Friday, August 21, 2015

[USO] model update

Before I start, I want to compare USO side by side with PBR because while the charts look similar there is an important difference.  USO is on the left, PBR on the right.  This is what I mean by bullish divergence.  The underlying commodity has tanked to a significantly new lower low but the corporation has not.  Keep in mind that I already counted PBR 5 waves down into C so I really do not expect a lower low on it here.

This simply means two things:
  1. We are most likely reaching a major reversal point
  2. When the commodity stops getting pounded, the company is going to skyrocket because it will be moving into wave 3 up.  For the same reason that I bought puts on LUV, this is about as good a time as you will ever get to buy calls on PBR as long as it does not go to a lower low.  I suspect that the turn comes into the end of the month.



Also note: airlines have been doing well due to low fuel prices.  I modeled LUV as entering into a 3rd wave down.  Because I am modeling oil to be very near an important turn I expect rising fuel prices to be part of the reason for airlines to crash.
 
I don't yet see the USO model from the backlink as having fundamentally changed from the current snapshot even though it was down a bit more today as the DJIA crashed more than 500 points into the close.

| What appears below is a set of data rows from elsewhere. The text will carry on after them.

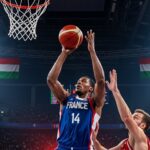 Hongrie-France Basket : Horaire et Chaîne TV Qualifications Mondial 2027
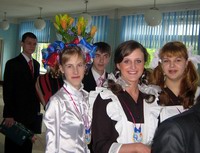 Выпускники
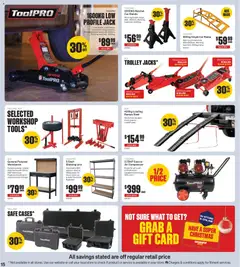 Preview of catalogue Catalogue from shop Supercheap Auto valid 03/12/2025 | Page: 15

Folks, the fed is in a bad way.  It says it would like to raise rates but as we approach the time where that could happen, the market is in panic mode as evidenced by the close of the DJIA down more than 500 pts in a single day.  There is no way the fed can raise the rates without getting blamed for a big stock market crash.  That is not to say the fed won't raise the rates.   When TNX begins to climb without the fed's permission then the fed will have to make a choice: stand pat with the fed funds rate and have everyone know that the fed has lost control of the bond market OR follow the bond market rate with fed hikes and watch the stock market crash.

If the fed refuses to raise the rates then I think commodities are going to reverse upwards because the magick will then be in great danger of being lost.  Once people lose confidence in the fed, the dollar will come under attack.  It would not surprise me at all to see the government throw Yellen, who I have often referred to as the disposable fed, straight under the bus.  When's the last time a fed chair has been fired?  I don't know fed history that well but my first inclination would be to say "never".  Hmm.  Maybe it will be different this time.

In any case, oil is trading now at $40 per bbl.  Because of the decline, even smart analysts like Gary Shilling are starting to say ridiculous things like oil will go to $10 a bbl.  Why not $5?  Why not just free oil for everyone?  Hell, when will the begin to pay us to take the black sticky goo away?  After all, it's free to drill and transport and refine, right?  Statements like those coming from Shilling give me cause to believe that we are closing in on a bottom here.

In any case, if we get a 3 wave bounce into black 4 I'll have to call it a sucker's bounce and then I will be looking to load up on oil related stuff (like PBR) in the $12-$12.50 range of USO.